Switches in electronics are operated in a current and voltage range
that generally does not impose any particular load or requirements
on the switch.
[0004] In contrast, switches in medium-voltage technology are used
with different tasks (e.g., as circuit breakers, load switches,
isolating switches, load-break switches, grounding switches or
protective switches). On account of a generally more complex
structure, the switches are also referred to as switching devices
in a generalized manner.
[0005] In this case, given loads are no-load switching, switching
of operating currents, and switching of short-circuit currents.
[0006] For example, the switching device is intended to provide as
little resistance as possible to the flow of operating and
short-circuit currents in the closed state. In contrast, the open
contact gap is to safely withstand the voltages occurring at the
open contact gap in the open state.
[0007] All live parts are to be sufficiently insulated with respect
to ground and from phase to phase when the switching device is open
or closed.
[0008] The switching device is intended to be able to close the
circuit when a voltage is applied.
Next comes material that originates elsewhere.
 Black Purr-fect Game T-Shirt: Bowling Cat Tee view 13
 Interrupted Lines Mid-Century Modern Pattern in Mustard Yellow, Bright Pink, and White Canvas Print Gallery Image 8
In the case of isolators, this
condition is only for the de-energized state, apart from small
charging currents. In addition, the switching device is intended to
be able to open the circuit when current flows (this requirement is
not made for isolators).
[0009] The switching device is also intended to cause switching
overvoltages that are as low as possible.
[0010] Known switching devices that meet these requirements use
vacuum interrupters, as shown in FIG. 1. The switching devices are
fastened to a frame with the aid of insulators (e.g., in the case
of a circuit breaker, as shown in FIGS. 2 and 3) and are
mechanically switched with the aid of a lever.
[0011] On account of the high mechanical load, this mechanical
switching operation allows 10,000-120,000 switching cycles
depending on the model according to the data sheet, the drives
being oiled after 10,000 switching cycles, and the vacuum
interrupters having to be replaced after 30,000 switching
cycles.
[0012] In this case, the entire drive mechanism with trip elements,
auxiliary switches, display, and actuation devices is accommodated
in a drive box.
[0013] The closing spring is tensioned electrically or manually.
The closing spring latches after the tensioning operation has ended
and is used as a mechanical energy store. The force from the drive
to the switch poles is transmitted via switch rods.
[0014] For switching-on, the closing spring is unlatched
mechanically or is unlatched electrically by remote actuation.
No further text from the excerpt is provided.